Happy Monday! This week, my daughter Grace is helping us get back on track after a yummy-filled 4th of July weekend with this healthy take on the Asian chicken wraps we all love. Inspired by one of her favorite bloggers Erin Lives Whole, this dinner comes together super fast! This recipe serves 4 so we double it for our crew.
What You Need
- 1 pound ground chicken
- 1 small yellow onion, diced
- 1 tablespoon olive oil
- 2 cloves minced garlic
- 1 tablespoon ginger paste/fresh ginger
- 1 1/2 teaspoon sesame oil
- 1 tablespoon sriracha
- 2 tablespoons rice vinegar
- 3 tablespoons low sodium soy sauce
- 3 tablespoons hoisin sauce
- 1/4 cup chopped green onion, more for topping
- 1/2 cup diced water chestnuts
- 1 large head of butter lettuce
*peanuts, shredded carrots, sriracha, green onion for topping*
What to Do
- In a large sauce pan, heat olive oil.

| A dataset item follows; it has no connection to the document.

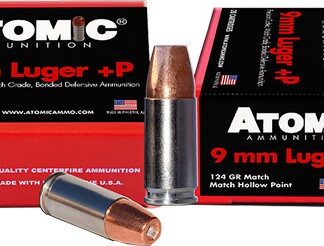 ATOMIC 9MM LUGER +P 124GR JHP - 20RD 10BX/CS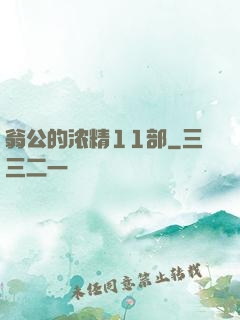 翁公的浓精11部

Add onion and saute until mostly cooked.
- Add in garlic and ginger for one minute, then add in ground chicken.
- Allow chicken to cook almost all the way through, and while chicken is cooking prepare sauce.
- In a bowl, whisk together sesame oil, sriracha, rice vinegar, soy sauce, and hoisin sauce.
- Add in the sauce to the chicken and reduce heat to let simmer.
- Stir in diced green onion and water chestnuts and allow sauce to thicken.
- Once thickened, remove from heat.
- Wash and dry butter lettuce leaves.
- Add about 1/3 cup chicken mixture to each butter leaf and add toppings.
- Store remainder in fridge for up to five days.
So good! To carb it up for my hungry ones, we add a side of the Rice-a-Roni Fried Rice and a green veggie. Easy!